Office rights explained: What temperature is too hot to work in? – The Sun | The Sun

THE sun is out and temperatures are climbing, but it looks like most of us are sweltering in an office with little air conditioning, instead of relaxing outdoors or paddling in a cool tub.

This week could see temperatures hit up to 43C as Brits prepare for the hottest day of the year.

If you do have to head to work when you would rather be taking a trip to the beach, we explain what rights you have when it's too hot in the office.

What rights do I have if it's too hot in the office?

Unfortunately, there's no legally defined minimum or maximum temperature for offices or other places of work.

Employers have to make sure conditions are "reasonable" – but what counts as reasonable is open to interpretation.

The Health and Safety Executive has suggested before that workplaces should have a minimum temperature of 16C.

For work that is very physical, for instance factory floors, it suggests a lower minimum of 13C.

Unfortunately, it has said that it cannot give a meaningful maximum temperature, because some kinds of businesses will be hot by definition – such as glassworks or bakeries.

Bosses should ensure their workers have access to water and monitor their wellbeing in hot weather, according to HSE guidelines.

Typical symptoms of heat stress are:

  • an inability to concentrate
  • muscle cramps
  • heat rash
  • severe thirst – a late symptom of heat stress
  • fainting
  • heat exhaustion – fatigue, giddiness, nausea, headache, moist skin
  • heat stroke – hot dry skin, confusion, convulsions and eventual loss of consciousness.
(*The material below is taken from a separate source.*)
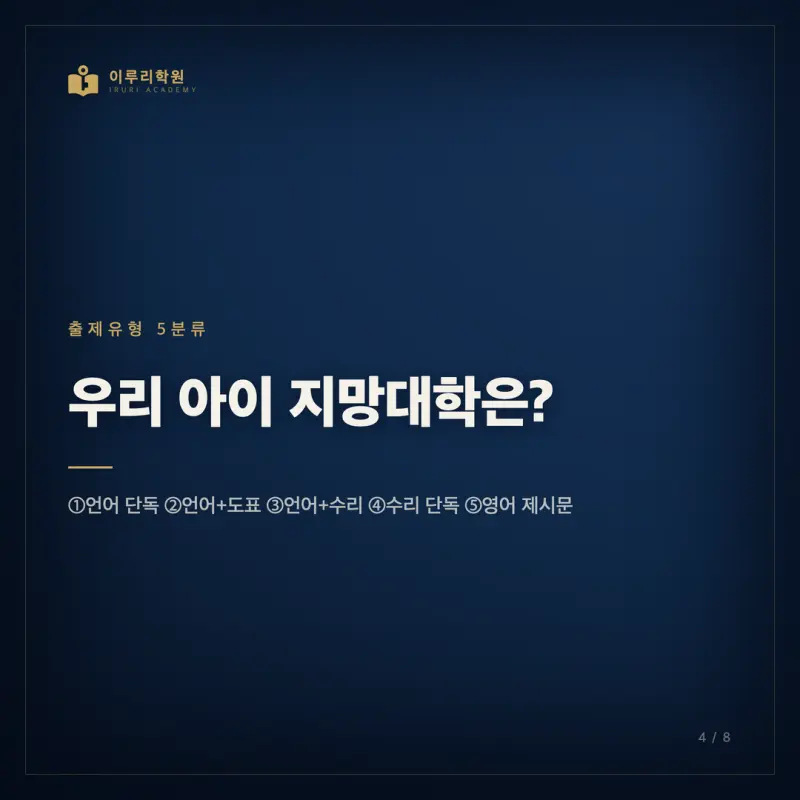 [대치동 인문논술] 인문논술 한 단어로 묶으면 준비가 헛돕니다 (2027 출제유형 5분류) 본문 이미지 4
This is the most severe disorder and can result in death if not detected at an early stage

What provisions are made for PPE wearers in high temperatures

MORE people are wearing personal protective equipment (PPE) than ever because of the coronavirus pandemic.

Where PPE is required it can cause heat stress due to its weight and the fact that it prevents sweat evaporating from the skin.

The HSE has a checklist explaining how businesses can protect PPE-wearing staff.

In says employers should:

  • permit work to occur at a slower rate
  • rotate staff out of this environment on a more frequent basis
  • allow longer recovery times before permitting re-entry
  • provide facilities for PPE to be dried so that it can be worn again for re-entry
  • consider scheduling work to cooler times of the days
  • periodically revisit risk assessments to consider processes could be automated or alternative systems of work/controls can be introduced
  • re-evaluate PPE as newer PPE may be lighter and provide improved levels of protection and operator comfort

If you're a vulnerable employee – for example pregnant or menopausal – you should take this into account when deciding on a plan of action.

The HSE has said: “If a significant number of employees are complaining about thermal discomfort, your employer should carry out a risk assessment, and act on the results of that assessment.”

That means that if you're uncomfortable, you should tell your boss or HR and if enough people complain the business needs to investigate.

You may not get to work from home though, instead the business might provide fans, relax dress codes, turn up air con, or look at other measures to make things more comfortable.

The TUC has said previously it wants to make it illegal to keep people at work indoors if the temperature is above 30C.

People working from home may also be struggling. Here's our top tips for beating the heat.

What are the temperature recommendations?

The Chartered Institute of Building Services Engineers recommends the following temperatures for different working areas:
• Heavy work in factories: 13°C
• Light work in factories: 16°C
• Hospital wards and shops: 18°C
• Offices and dining rooms: 20°C

What are my rights if I need to take public transport?

Each transport company sets its own policies – and there's no law about temperatures during a heatwave.

This can mean that travellers face extremely high temperatures.

For example, in 2018, Londoners complained of 42C temperatures on the Tube – higher than the legal limit for transporting cattle.

Transport for London has said that all Tubes will be air-conditioned by 2030.

It's no longer the law to wear face coverings on public transport, but you're asked to wear one on the tube or in crowded places, be careful not to overheat if it's causing you discomfort.

Make sure you bring a bottle of water with you and if possible wear cool, loose clothing.